Some of the European imitators of fascism in the 1930s were little more than shadow movements, like Colonel O’Duffy’s Blueshirts in Ireland, though the poet W. B. Yeats agreed to write his anthem and he sent three hundred volunteers to help Franco in Spain. Most of these feeble imitations showed that it was not enough to don a colored shirt, march about, and beat up some local minority to conjure up the success of a Hitler or a Mussolini. It took a comparable crisis, a comparable opening of political space, comparable skill at alliance building, and comparable cooperation from existing elites. These imitations never got beyond the founding stage, and so underwent none of the transformations of the successful movements. They remained “pure"—and insignificant.

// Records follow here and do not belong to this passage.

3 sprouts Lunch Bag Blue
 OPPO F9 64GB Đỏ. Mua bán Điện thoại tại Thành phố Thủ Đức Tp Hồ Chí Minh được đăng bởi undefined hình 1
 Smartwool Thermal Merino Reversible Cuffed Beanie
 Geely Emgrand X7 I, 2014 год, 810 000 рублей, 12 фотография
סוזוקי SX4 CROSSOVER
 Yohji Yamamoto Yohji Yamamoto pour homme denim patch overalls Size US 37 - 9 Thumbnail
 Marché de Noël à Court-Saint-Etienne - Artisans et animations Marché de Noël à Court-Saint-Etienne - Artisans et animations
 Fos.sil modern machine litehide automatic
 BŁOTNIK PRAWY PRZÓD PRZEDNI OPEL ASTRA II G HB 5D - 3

Comparisons and Conclusions
Fascist movements appeared so widely in the early twentieth century that we cannot learn much about their nature from the mere fact of their foundation. But they grew at different rates and succeeded to different degrees. A comparative look at their successes and failures suggests that the major differences lay not only in the movements themselves but also, and significantly, in the opportunities offered. To understand the later stages of fascism, we will have to look beyond the parties themselves to the settings that offered space (or not) and to the sorts of helpers who were (or were not) available.
Intellectual history, vital for the first formation of fascist movements, offers us less help at this stage. Fascism remained marginal in some nations that would seem, at first glance, to have had powerful intellectual and cultural preparation for it. In France, for example, the richness, fervor, and celebrity of the intellectual revolt against classical liberal values i
n the early twentieth century would seem, on intellectual history grounds alone, to make that country a prime candidate for the successful establishment of fascist movements.62 We have seen why it did not happen.63 Indeed, all European countries produced thinkers and writers in whom we can perceive today a strong current of fascist sensibility. It is therefore difficult to argue that one country was more “predisposed" than another by its intellectuals to give an important role to fascist parties.

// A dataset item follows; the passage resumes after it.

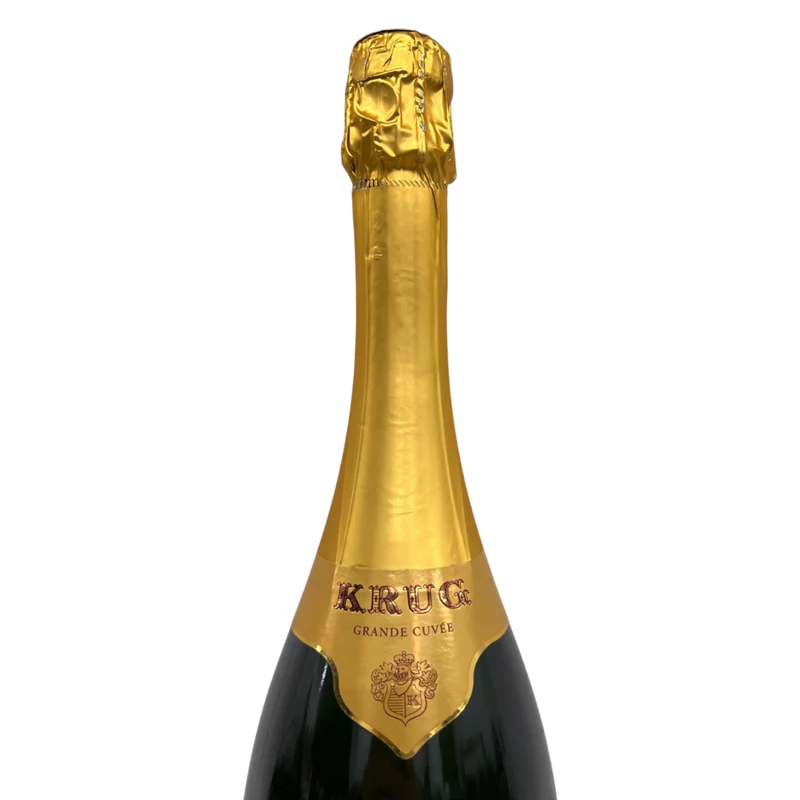 Krug Grande Cuvee 163 Eme Edition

Anti-Semitism needs special mention. It is not clear that cultural preparation is the most important predictor of which country would carry measures against Jews to extremes. If one had been asked around 1900 to identify the European nation where the menace of anti-Semitism seemed most acute, who would have chosen Germany? It was in France after 1898, during the Dreyfus frenzy, that Jewish shops were looted, and in French Algeria that Jews were murdered.64 Ugly anti-Semitic incidents occurred in Britain at the turn of the century,65 and in the United States, such as the notorious lynching of Leo Frank in Atlanta,66 not to mention those traditionally rabid centers of endemic anti-Jewish violence in Poland and Russia, where the very word pogrom was invented.